Sometimes they appear afraid to stop clapping, echoing stories of forced standing ovations for Joseph Stalin recounted in video footage and Alexander Solzhenitsyn’s “Gulag Archipelago.”

Apparent corruption among these kowtowing aides — including improper use of public funds or private favors for fancy travel and other pampering — remains rampant. Unlike in true socialist states, it seems, our leaders haven’t run out of other people’s money.

Meanwhile, federal law enforcement is publicly directed to pursue the would-be autocrat’s political enemies, as well as the family members of those enemies. Such actions, when taken by thugs abroad, were once denounced by Republicans.

State-run media, or something closely approximating it, feeds the public a steady diet of pro-leader propaganda and shields viewers from news that might embarrass the head of state. Independent sources of information or accountability, or those who deviate from the party line, are branded “enemies of the people.”

On the macroeconomic front, leadership may be touting “deregulation” but in many ways is moving toward a more centrally planned economy, which includes the shielding of pet industries from the whims of the market or technological change.

That means propping up coal plants, which fracking has made less competitive. And slapping tariffs across thousands of foreign products, to subsidize struggling domestic competitors or sometimes to protect “national security.” And granting more price supports for farmers.

Old Soviet model

Just as government has inserted itself into more markets, though, it has abruptly stopped functioning, holding up the processing of those farmer subsidies or tariff exemptions.

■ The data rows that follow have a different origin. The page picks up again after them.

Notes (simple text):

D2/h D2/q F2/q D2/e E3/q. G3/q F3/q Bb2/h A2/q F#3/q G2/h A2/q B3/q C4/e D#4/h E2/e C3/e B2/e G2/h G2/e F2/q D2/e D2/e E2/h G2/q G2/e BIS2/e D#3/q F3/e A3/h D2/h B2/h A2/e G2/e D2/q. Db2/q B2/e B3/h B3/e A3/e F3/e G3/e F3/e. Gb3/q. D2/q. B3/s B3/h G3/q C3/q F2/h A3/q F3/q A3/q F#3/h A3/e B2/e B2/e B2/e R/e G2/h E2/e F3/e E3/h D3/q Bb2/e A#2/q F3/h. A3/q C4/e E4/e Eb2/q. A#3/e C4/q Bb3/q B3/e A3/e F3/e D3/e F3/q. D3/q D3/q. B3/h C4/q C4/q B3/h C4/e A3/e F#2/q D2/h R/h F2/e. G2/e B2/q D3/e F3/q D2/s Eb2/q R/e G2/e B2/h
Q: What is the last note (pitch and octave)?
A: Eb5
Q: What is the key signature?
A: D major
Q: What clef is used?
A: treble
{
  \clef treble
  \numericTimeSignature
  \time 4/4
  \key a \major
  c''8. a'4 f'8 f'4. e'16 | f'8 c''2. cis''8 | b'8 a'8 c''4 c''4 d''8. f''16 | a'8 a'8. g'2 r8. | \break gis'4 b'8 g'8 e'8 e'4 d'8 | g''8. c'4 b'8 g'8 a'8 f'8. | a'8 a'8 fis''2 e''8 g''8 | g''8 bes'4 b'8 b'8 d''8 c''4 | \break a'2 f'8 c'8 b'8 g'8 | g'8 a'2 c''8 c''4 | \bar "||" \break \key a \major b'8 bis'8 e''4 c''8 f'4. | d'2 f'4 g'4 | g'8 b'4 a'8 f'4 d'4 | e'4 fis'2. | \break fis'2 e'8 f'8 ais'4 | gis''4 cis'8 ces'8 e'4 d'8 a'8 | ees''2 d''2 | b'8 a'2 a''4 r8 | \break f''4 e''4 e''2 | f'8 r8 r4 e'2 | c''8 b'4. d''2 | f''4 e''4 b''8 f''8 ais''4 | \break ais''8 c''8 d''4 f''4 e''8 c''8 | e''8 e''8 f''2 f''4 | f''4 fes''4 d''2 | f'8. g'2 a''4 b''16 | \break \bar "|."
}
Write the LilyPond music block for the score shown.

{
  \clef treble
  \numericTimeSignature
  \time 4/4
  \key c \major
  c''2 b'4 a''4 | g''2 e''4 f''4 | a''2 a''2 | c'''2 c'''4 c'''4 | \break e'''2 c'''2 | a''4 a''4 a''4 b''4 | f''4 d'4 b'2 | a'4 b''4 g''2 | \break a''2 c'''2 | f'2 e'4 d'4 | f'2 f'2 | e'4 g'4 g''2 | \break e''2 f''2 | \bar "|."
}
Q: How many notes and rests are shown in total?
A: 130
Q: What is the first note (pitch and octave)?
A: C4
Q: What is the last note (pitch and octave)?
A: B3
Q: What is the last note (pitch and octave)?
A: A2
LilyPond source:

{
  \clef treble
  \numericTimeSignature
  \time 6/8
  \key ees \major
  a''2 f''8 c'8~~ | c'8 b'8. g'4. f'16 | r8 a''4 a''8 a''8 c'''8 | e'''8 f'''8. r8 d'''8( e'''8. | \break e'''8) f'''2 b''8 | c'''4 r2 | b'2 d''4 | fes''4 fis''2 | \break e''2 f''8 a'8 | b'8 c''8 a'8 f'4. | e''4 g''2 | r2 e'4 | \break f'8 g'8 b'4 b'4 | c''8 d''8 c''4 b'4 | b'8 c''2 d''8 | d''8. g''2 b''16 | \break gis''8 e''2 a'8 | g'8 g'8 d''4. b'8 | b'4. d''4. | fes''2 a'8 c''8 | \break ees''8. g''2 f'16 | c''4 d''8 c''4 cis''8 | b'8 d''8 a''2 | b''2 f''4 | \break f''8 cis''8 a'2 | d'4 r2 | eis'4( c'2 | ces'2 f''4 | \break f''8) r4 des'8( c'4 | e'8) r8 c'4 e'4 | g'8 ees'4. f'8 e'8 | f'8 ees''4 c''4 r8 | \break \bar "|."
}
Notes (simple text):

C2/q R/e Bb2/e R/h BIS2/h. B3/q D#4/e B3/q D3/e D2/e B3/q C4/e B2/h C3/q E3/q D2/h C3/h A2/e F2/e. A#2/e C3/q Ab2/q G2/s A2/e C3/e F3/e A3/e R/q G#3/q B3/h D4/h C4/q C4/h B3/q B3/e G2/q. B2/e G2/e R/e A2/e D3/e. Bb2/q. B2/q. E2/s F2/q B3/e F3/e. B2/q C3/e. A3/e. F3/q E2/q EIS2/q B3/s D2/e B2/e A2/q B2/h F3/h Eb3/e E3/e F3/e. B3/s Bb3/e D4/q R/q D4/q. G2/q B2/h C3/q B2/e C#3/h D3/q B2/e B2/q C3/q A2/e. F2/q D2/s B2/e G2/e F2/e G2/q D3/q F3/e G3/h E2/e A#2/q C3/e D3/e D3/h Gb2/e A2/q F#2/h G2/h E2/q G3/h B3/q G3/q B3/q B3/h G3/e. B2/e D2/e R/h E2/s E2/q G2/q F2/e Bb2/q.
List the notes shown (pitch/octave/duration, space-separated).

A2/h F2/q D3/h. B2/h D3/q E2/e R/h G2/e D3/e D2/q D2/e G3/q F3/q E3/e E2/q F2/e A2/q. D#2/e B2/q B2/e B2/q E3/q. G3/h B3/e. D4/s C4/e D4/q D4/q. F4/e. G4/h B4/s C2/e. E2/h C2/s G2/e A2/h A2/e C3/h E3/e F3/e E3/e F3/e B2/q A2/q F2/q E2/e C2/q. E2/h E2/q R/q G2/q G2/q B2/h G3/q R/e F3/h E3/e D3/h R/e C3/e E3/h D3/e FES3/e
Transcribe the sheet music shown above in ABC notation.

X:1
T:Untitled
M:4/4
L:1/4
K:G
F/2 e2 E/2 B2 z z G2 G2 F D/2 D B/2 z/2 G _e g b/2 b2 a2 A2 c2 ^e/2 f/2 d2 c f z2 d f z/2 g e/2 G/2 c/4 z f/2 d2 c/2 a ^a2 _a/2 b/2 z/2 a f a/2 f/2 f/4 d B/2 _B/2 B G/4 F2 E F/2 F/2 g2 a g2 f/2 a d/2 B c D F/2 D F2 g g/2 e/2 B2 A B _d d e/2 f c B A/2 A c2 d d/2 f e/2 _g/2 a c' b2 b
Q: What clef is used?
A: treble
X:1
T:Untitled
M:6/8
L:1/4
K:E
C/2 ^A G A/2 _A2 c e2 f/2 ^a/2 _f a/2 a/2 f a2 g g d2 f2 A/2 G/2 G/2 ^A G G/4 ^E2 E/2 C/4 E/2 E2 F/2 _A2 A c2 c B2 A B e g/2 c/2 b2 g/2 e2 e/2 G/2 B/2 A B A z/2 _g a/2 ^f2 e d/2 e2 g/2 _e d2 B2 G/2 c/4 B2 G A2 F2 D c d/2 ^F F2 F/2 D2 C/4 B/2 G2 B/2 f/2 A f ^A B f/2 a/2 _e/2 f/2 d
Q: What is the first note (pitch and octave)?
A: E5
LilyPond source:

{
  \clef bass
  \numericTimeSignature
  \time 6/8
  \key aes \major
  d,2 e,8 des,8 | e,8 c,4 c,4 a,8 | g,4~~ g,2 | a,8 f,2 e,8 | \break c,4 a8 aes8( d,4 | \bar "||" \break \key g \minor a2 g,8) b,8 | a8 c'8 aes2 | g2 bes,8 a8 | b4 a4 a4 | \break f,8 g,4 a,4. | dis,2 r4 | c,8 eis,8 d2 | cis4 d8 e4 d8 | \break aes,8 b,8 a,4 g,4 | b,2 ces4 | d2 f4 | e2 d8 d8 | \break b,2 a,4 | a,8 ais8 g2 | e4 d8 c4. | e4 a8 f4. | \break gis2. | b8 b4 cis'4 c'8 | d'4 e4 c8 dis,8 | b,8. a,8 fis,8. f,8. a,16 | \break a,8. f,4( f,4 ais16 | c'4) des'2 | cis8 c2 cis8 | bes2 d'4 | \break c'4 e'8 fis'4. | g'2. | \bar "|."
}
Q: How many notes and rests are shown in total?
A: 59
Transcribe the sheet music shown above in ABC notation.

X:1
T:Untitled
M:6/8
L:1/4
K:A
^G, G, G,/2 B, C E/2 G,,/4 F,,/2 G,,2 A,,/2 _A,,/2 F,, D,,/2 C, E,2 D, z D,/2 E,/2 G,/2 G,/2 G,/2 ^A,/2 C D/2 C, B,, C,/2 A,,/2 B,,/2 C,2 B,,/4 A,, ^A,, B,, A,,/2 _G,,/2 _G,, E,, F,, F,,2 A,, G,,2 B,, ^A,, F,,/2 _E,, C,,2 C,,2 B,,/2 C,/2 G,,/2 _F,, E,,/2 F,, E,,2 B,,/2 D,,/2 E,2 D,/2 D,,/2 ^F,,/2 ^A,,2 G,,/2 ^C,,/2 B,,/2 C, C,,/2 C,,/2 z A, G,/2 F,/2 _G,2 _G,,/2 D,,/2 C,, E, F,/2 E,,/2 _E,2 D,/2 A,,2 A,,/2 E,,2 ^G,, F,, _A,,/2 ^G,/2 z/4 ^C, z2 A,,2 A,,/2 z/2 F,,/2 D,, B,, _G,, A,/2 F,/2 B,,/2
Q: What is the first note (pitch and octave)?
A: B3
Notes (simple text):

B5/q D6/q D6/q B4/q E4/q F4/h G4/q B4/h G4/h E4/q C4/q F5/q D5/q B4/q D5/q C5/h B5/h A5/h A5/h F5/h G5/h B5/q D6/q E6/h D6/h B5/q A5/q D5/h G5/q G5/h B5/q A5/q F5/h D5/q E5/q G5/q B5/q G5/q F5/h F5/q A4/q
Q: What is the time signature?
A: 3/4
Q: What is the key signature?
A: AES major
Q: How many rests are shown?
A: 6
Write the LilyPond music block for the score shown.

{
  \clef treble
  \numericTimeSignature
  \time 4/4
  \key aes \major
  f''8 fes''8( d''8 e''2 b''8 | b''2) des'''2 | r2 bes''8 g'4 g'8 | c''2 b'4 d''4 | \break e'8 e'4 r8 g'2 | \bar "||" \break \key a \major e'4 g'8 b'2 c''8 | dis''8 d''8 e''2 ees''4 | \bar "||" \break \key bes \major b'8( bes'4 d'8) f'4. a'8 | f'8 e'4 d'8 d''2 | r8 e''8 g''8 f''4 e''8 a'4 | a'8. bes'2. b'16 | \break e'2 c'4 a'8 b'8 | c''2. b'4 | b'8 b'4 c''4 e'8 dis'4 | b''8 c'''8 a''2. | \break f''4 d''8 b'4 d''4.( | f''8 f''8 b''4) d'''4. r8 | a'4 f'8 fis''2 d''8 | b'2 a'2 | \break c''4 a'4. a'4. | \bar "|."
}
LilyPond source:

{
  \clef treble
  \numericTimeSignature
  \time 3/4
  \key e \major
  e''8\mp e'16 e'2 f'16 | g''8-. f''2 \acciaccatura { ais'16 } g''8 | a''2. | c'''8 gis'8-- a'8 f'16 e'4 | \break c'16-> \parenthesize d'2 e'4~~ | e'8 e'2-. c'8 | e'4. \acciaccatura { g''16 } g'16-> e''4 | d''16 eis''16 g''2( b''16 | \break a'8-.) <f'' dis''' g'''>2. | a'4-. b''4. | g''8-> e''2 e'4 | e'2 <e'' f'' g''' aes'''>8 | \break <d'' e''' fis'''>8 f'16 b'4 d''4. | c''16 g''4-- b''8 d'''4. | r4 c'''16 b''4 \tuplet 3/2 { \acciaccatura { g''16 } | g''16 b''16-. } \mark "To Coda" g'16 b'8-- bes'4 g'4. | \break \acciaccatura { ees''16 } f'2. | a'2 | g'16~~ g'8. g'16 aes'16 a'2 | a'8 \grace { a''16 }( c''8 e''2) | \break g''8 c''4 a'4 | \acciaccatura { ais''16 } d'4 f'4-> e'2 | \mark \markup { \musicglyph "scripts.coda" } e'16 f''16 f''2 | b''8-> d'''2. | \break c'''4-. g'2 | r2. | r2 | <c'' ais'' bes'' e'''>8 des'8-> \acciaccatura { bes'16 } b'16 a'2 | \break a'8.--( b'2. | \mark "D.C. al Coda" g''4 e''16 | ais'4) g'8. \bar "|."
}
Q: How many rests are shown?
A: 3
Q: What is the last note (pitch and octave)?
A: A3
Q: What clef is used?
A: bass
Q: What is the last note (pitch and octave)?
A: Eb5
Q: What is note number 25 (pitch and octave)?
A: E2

It’s the old Soviet model in a nutshell: promising much, interfering a lot, failing to deliver.

“Picking winners and losers” was once a thing Republicans abhorred, a practice embraced only by failed socialist states; today the Republican standard-bearer picks winners and losers even within the government itself.

The government may be officially shuttered, but President Trump decided to do an end run around the constitutionally mandated, democratic appropriations process. He is picking and choosing which government functions are allowed to function: yes to his offshore drilling plan and tax refunds; no to the Smithsonian museums.

All branches of government may be equal — but some, it seems, are more equal than others.